[The data]
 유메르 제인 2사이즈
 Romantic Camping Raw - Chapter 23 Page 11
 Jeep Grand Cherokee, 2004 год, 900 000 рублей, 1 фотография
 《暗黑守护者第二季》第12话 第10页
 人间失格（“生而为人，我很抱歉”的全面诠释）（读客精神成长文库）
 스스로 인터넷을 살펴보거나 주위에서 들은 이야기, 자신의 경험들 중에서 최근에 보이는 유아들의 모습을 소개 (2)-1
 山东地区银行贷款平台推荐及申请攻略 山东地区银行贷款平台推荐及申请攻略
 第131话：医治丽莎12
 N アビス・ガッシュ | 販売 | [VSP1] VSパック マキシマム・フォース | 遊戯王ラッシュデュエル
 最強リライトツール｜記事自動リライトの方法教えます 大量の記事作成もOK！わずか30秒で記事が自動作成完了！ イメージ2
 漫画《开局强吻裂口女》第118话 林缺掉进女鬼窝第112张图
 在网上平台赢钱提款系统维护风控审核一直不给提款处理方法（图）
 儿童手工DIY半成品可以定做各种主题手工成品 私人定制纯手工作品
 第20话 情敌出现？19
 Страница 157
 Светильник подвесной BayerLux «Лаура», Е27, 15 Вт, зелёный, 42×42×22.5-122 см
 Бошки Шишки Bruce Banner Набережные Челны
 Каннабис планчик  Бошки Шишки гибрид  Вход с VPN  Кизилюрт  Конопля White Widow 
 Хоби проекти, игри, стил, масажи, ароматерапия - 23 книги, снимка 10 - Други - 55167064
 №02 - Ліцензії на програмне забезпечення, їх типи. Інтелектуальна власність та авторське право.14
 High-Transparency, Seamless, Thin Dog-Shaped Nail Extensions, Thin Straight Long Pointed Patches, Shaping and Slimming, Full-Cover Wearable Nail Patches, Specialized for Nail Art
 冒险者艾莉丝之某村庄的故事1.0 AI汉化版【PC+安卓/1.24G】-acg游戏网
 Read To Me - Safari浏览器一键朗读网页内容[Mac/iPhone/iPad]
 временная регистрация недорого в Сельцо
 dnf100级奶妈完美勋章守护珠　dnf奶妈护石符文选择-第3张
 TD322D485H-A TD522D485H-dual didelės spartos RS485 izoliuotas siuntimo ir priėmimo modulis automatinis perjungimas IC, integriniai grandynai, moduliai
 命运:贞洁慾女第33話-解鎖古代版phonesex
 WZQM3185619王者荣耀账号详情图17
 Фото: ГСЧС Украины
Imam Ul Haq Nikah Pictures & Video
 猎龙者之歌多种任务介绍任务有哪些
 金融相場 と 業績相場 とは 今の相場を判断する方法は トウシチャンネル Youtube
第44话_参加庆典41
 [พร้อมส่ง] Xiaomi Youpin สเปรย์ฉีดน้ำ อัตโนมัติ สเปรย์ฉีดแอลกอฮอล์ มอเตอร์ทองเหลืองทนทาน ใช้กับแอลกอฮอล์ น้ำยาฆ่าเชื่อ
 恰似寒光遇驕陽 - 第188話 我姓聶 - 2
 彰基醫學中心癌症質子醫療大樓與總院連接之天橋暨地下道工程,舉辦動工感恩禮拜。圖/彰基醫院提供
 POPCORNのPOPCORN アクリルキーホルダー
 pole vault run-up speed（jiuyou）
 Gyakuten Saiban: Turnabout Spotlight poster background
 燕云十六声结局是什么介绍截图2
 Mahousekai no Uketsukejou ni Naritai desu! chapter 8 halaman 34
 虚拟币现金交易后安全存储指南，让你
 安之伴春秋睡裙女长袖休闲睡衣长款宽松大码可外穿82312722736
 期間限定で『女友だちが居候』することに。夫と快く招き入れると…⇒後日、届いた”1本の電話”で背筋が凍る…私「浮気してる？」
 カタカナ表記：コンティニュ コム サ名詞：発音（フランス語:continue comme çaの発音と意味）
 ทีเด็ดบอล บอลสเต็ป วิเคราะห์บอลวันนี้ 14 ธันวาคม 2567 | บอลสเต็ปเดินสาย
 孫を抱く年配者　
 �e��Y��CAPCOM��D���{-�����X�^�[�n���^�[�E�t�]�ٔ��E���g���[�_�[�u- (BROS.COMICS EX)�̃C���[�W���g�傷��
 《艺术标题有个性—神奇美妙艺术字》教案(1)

[Problem details] Scan the records above for the word "Шишки". Show each line in which it appears.

[Answer to this exercise]
 Бошки Шишки Bruce Banner Набережные Челны
 Каннабис планчик  Бошки Шишки гибрид  Вход с VPN  Кизилюрт  Конопля White Widow 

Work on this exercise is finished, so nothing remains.